**What is needed**
With pictures omitted, output the records below exactly as they appear.

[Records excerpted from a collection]
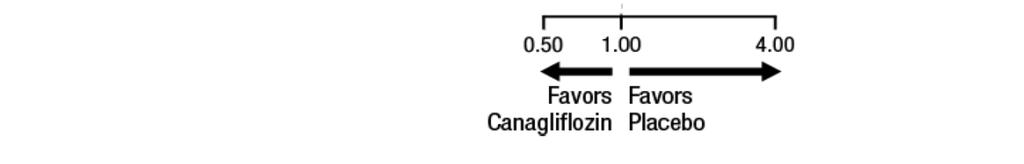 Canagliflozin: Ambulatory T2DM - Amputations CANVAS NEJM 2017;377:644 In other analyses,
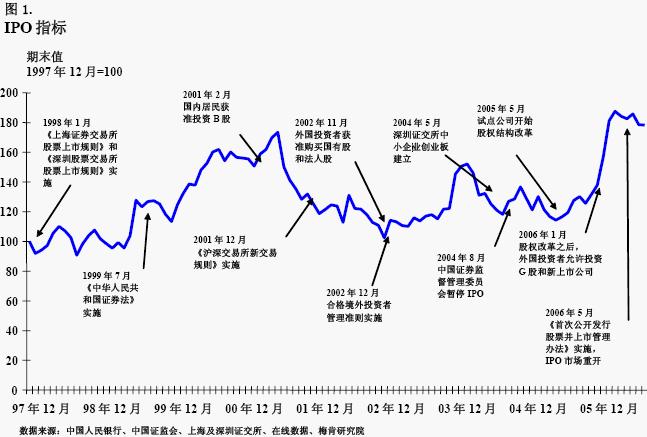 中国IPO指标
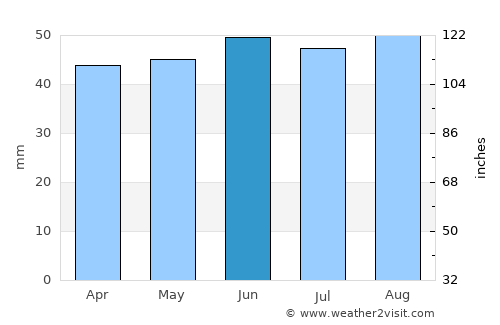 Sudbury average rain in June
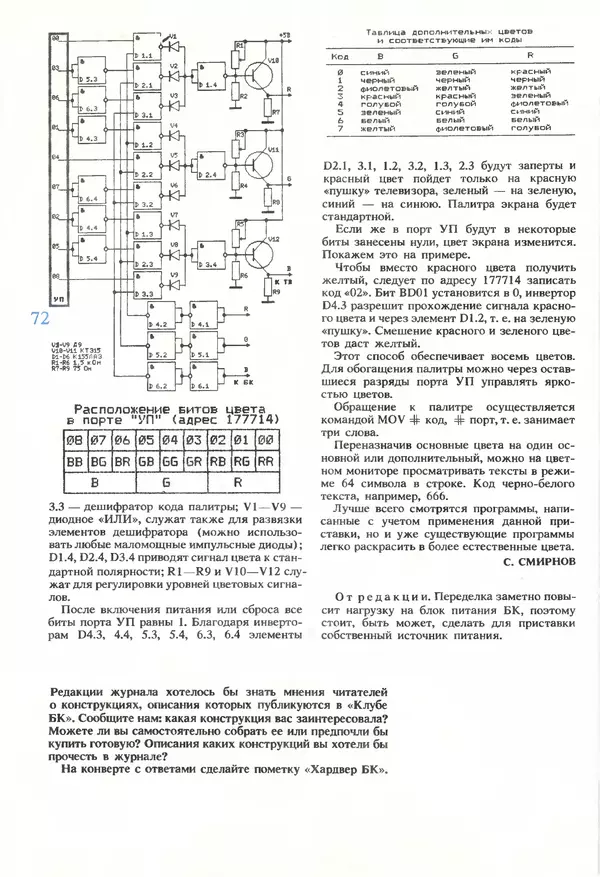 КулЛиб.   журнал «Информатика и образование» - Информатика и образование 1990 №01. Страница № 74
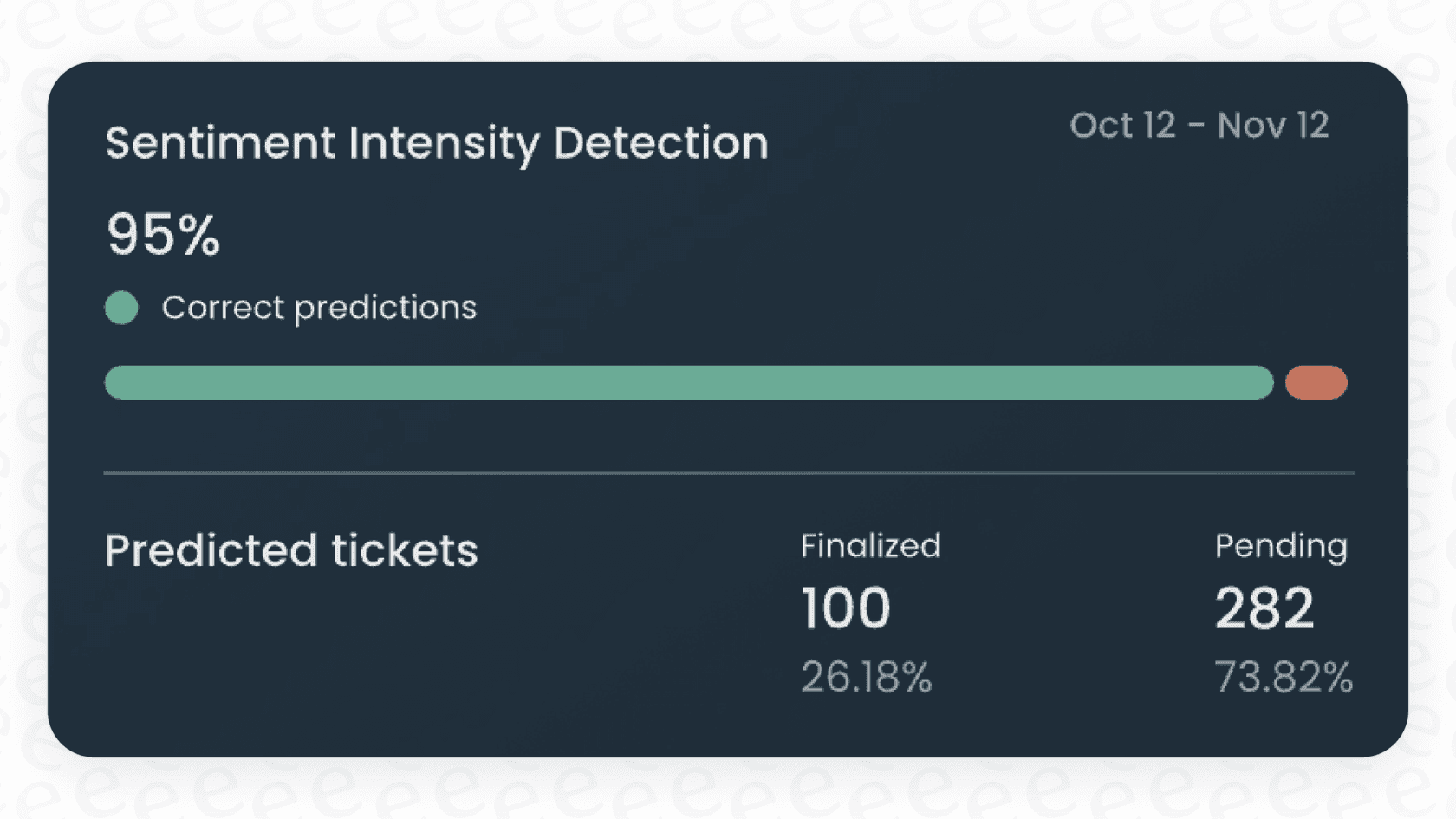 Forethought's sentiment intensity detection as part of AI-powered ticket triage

**Finished task**
 Canagliflozin: Ambulatory T2DM - Amputations CANVAS NEJM 2017;377:644 In other analyses,
 中国IPO指标
 Sudbury average rain in June
 КулЛиб.   журнал «Информатика и образование» - Информатика и образование 1990 №01. Страница № 74
 Forethought's sentiment intensity detection as part of AI-powered ticket triage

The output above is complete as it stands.